◆ **What to do**
Starting at the line with "A vintage brass" and going on through the line with "Man stands behind", reproduce each line in the records below exactly and nothing more.

◆ **Data shown**

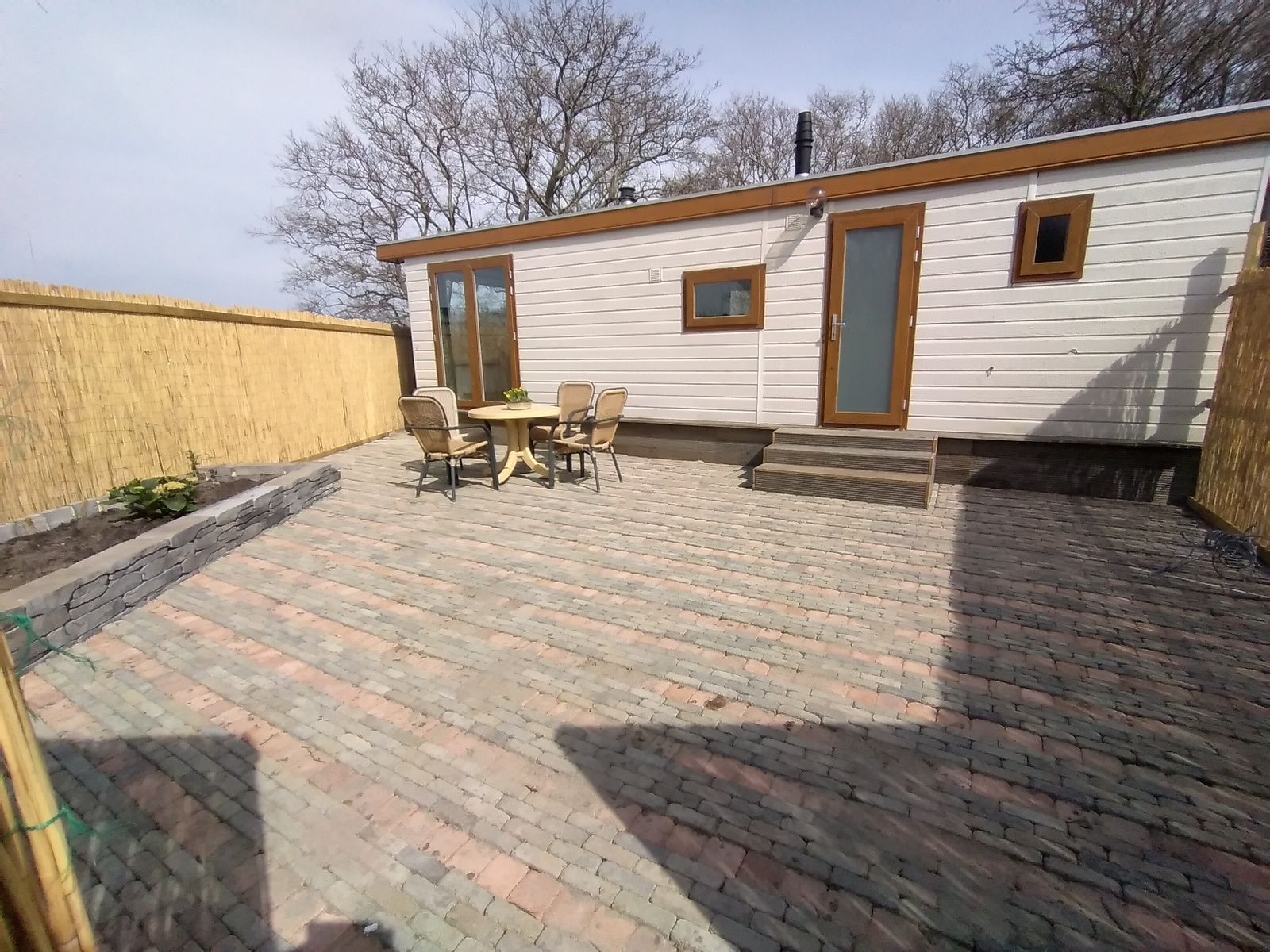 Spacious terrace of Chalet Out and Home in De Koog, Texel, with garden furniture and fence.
---
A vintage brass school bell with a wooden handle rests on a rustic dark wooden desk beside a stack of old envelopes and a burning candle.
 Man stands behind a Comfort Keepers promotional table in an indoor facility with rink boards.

◆ **Result**
A vintage brass school bell with a wooden handle rests on a rustic dark wooden desk beside a stack of old envelopes and a burning candle.
 Man stands behind a Comfort Keepers promotional table in an indoor facility with rink boards.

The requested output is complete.